When you have a sore, itchy or irritated throat, a throat lozenge can help to numb the pain and soothe the area so you can get on with your day[1]. If you’re unsure how to take a throat lozenge or how they work, Chloralieve has created this guide that could provide you with the necessary information. 

How do throat lozenges work?

Lozenges may look (and taste!) like sweets, but they certainly serve a different purpose. These tablets are purely medicinal and should be used when you have a tickly cough or a sore throat.

When you suck on a lozenge, it dissolves slowly, releasing the medicine that’s inside. Generally, throat lozenges contain lidocaine, a local anaesthetic that can help to numb the pain, as well as antiseptics that can fight infection, including amylmetacresol and 2,3-dichlorobenzyl alcohol.

Depending on the type of lozenges you purchase, they may also contain painkillers, like benzydamine hydrochloride and antitussives, which can suppress a cough, such as pholcodine

All of these things work together, not just to numb your pain but to eradicate the bacteria at the source and get rid of your sore throat for good. Sometimes, these products also contain naturally soothing ingredients, including mint, eucalyptus and honey[2]

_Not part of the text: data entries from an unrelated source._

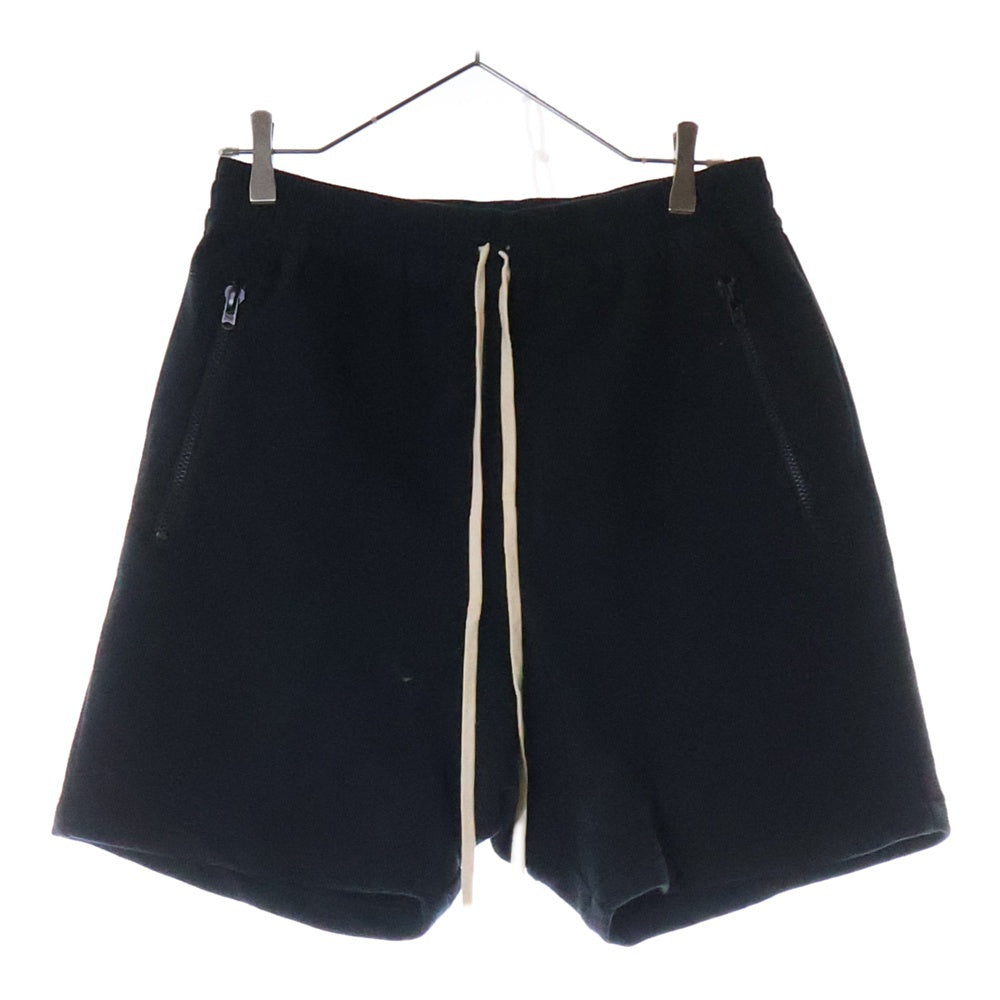 FOG Essentials(エフオージー エッセンシャルズ) ドローストリング スウェット ショーツ ショート ハーフパンツ ブラック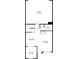 Main floorplan features kitchen, living room, dining area, and garage at 9938 Grove Way # B, Westminster, CO 80031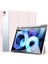 Ipad Air Için Toby Serisi Pu+Pc+Tpu Kılıfı (2020) 10.9 (Pembe) (Yurt Dışından) 1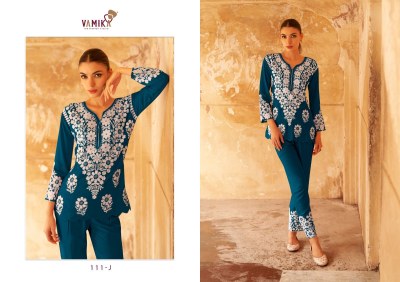 Vamika present Veronica Vol 2 Gold presenting exclusive heavy reyon co ord set catalogue at wholesale price co ord set catalogs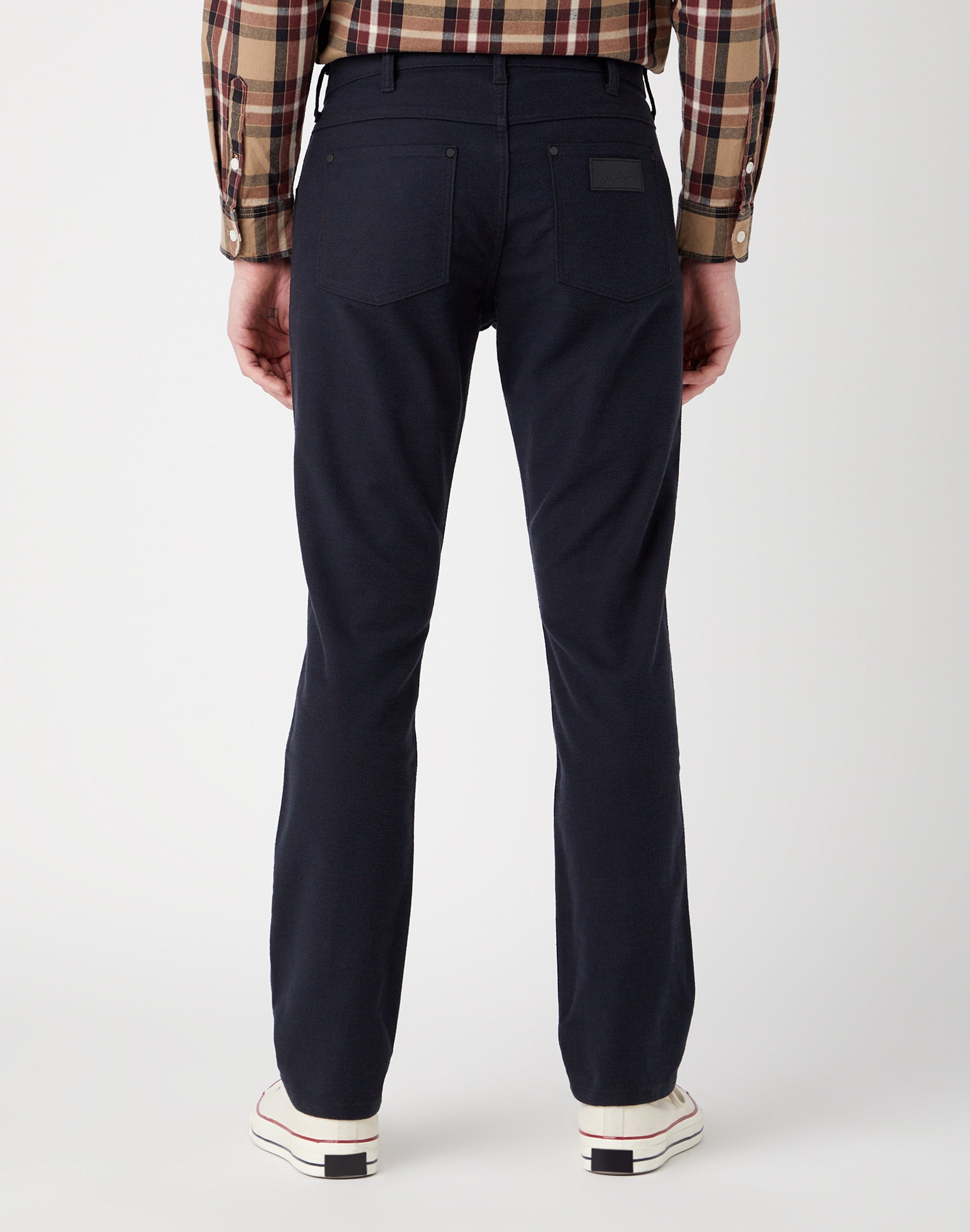 Greensboro Low Stretch in Black Pantalon Wrangler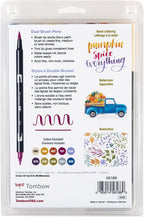 Tombow 56186 Dual Brush Pen Art Markers, Brush and Fine Tip Markers - Image 9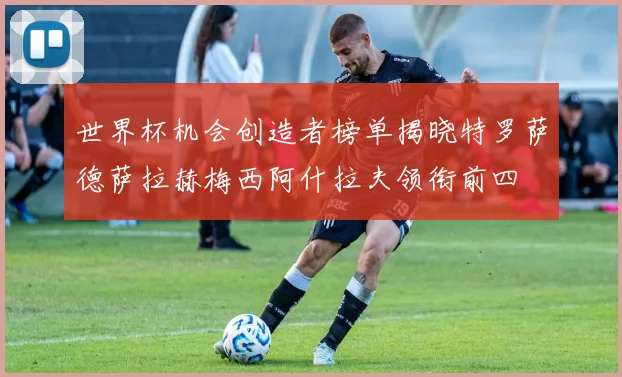 世界杯机会创造者榜单揭晓特罗萨德萨拉赫梅西阿什拉夫领衔前四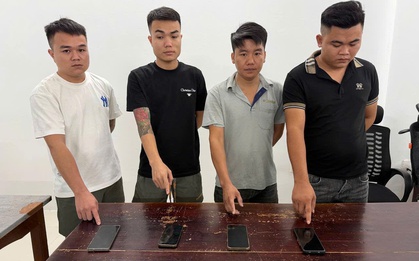 7 tổ công tác đồng loạt ra quân, khám xét nhiều địa điểm: 4 người đàn ông bị khởi tố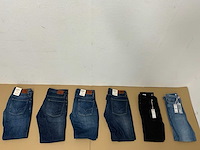 Pepe jeans, mustang jeans spijkerbroek (6x) - afbeelding 1 van  31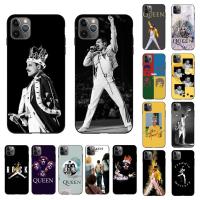 MaiYaCa Freddie Mercury Queen Phone Case for iPhone 11 12 13 mini pro XS MAX 8 7 6 6S Plus X 5S SE 2020 XR cover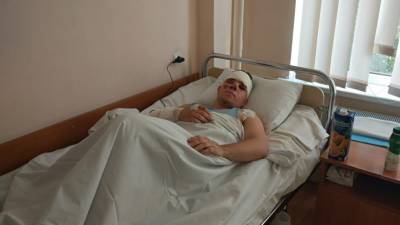 Стало известно о состоянии курсанта, который единственный выжил в авиакатастрофе на Харьковщине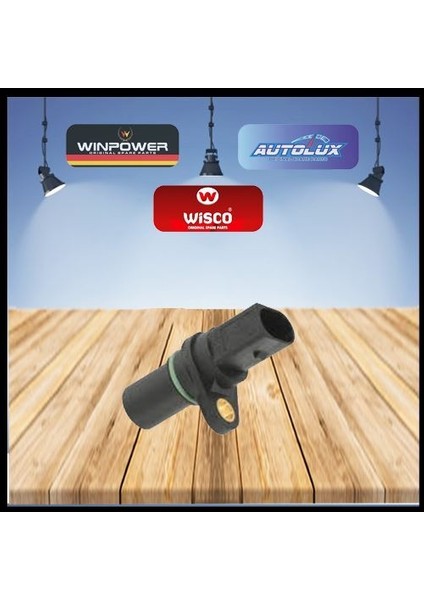 Wısco 06H906433 Krank Devir Sensörü Audi A3 A4 A5 Golf7 Scırocco Passat 1.8tsı 2.0tfsı Byt B Cabd Caea Caeb Sensörler Dğ. 37917746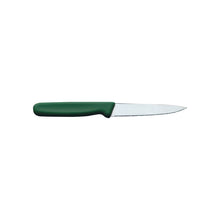 IVO Tomato Knife 130mm Serrated Green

The slower you can allow the lozenge to dissolve the better, because it gives the anaesthetic a proper chance to work. The act of sucking something will also increase saliva production, which in turn can reduce pain and itchiness in your throat.

Below, we delve deeper into how you should take a lozenge to get the most benefits. 

How to take lozenges

A lozenge that’s being used to alleviate a sore throat should be placed in the mouth and allowed to dissolve slowly. It’s important that you don’t chew it or swallow it whole, because it won’t have time to work effectively.

By slowly sucking on the lozenge, it can dissolve and begin to work on your sore throat each time you swallow. It creates a coating on the lining of your throat that can reduce pain for up to two hours. 

Chloralieve recommends that you don’t tuck the lozenge up between your gums and teeth. While this action is tempting so you can continue to talk with the lozenge in your mouth, it can reduce the effectiveness of the medication. The tablet is most effective when it’s allowed to dissolve slowly either in the centre of your mouth or on your tongue.

Lozenges are best taken at least 15 minutes after eating or drinking in order to be most effective. You can take one approximately every two to three hours, but shouldn’t consume more than eight lozenges over a 24-hour period. If taking lozenges alone isn’t helping, there are other methods you can try alongside this treatment, including gargling salt water, drinking warm liquids and sucking on ice to reduce swelling and tenderness. 

If your sore throat persists for more than seven days and throat lozenges aren’t helping, you should speak to your doctor for further advice and/or treatment[1].